• Crawled caption data
Start of Block

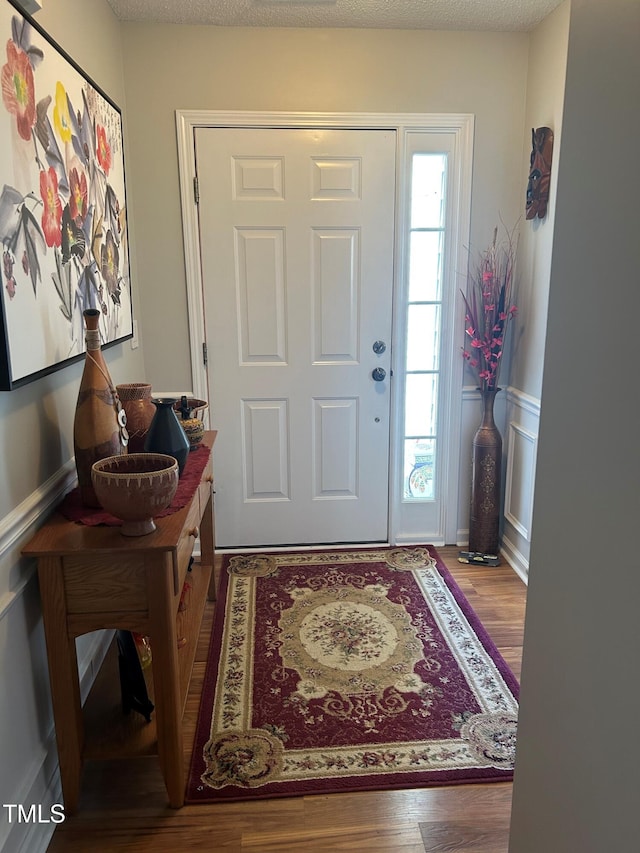 entrance foyer with wood-type flooring and a textured ceiling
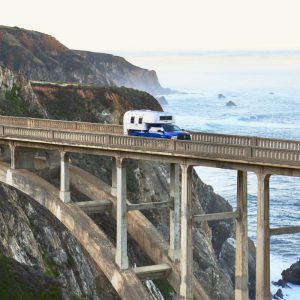 1970 Avion C11 truck camper crossing the Bixby Bridge in Big Sur with the ocean in the background.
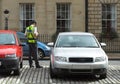 Parking attendant, traffic warden, getting ticket fine mandate Royalty Free Stock Photo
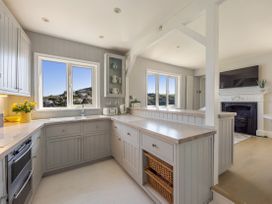 A kitchen with a window and cabinets at Bell Cottage in Dartmouth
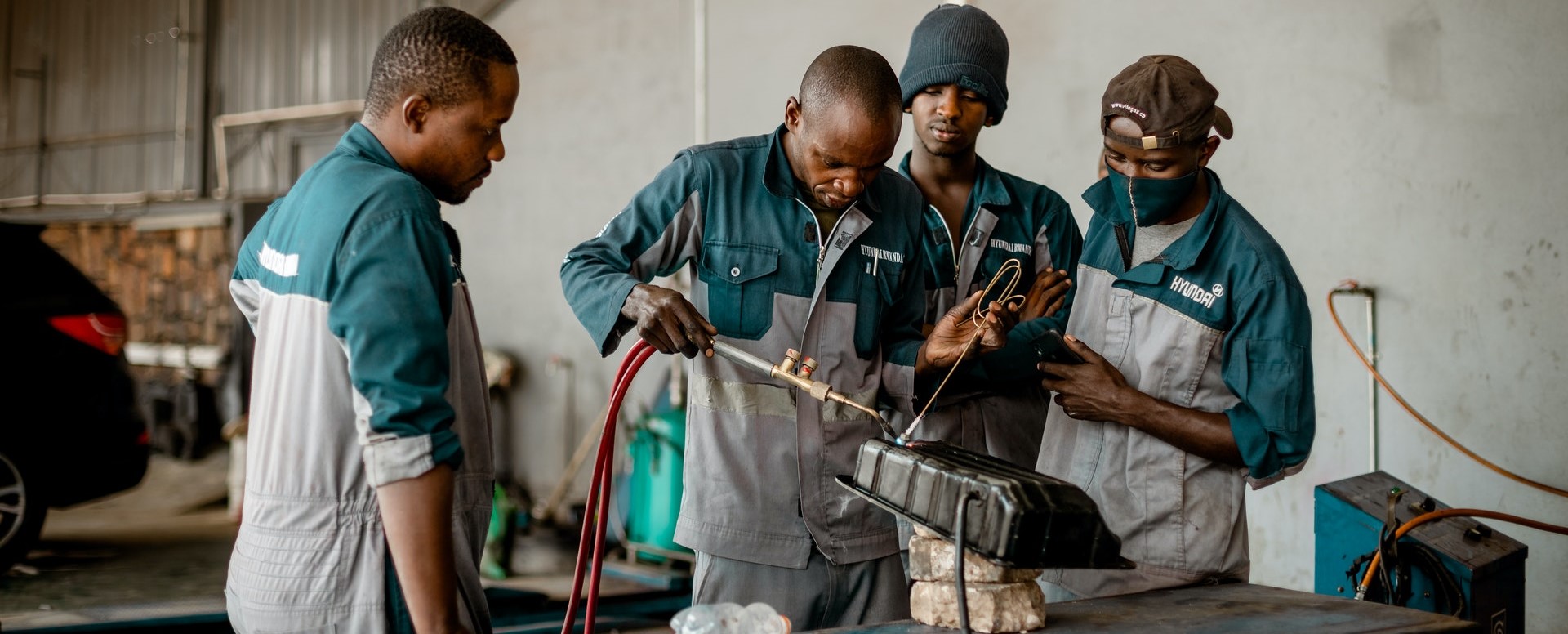 four workers fixing a vehicle part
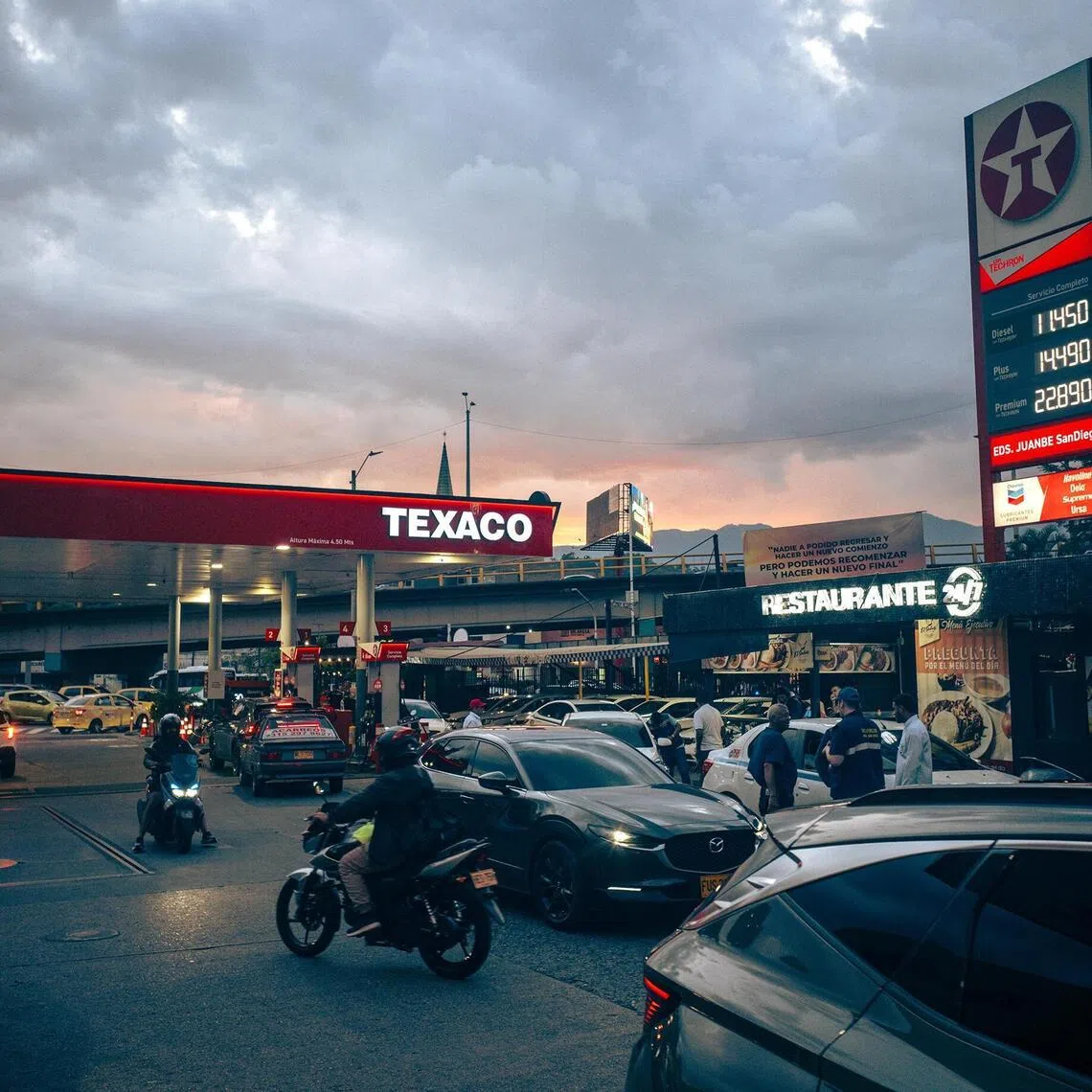 Vehicles line up at a Texaco petrol station during rush hour on  March 19, 2026, in the San Diego neighbourhood of Medellín, Colombia.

End of Block

With the pictures left out, give again exactly the lines from the one that contains "four workers fixing a vehicle part" through the final line of the data above.

• Task result
 four workers fixing a vehicle part
 Vehicles line up at a Texaco petrol station during rush hour on  March 19, 2026, in the San Diego neighbourhood of Medellín, Colombia.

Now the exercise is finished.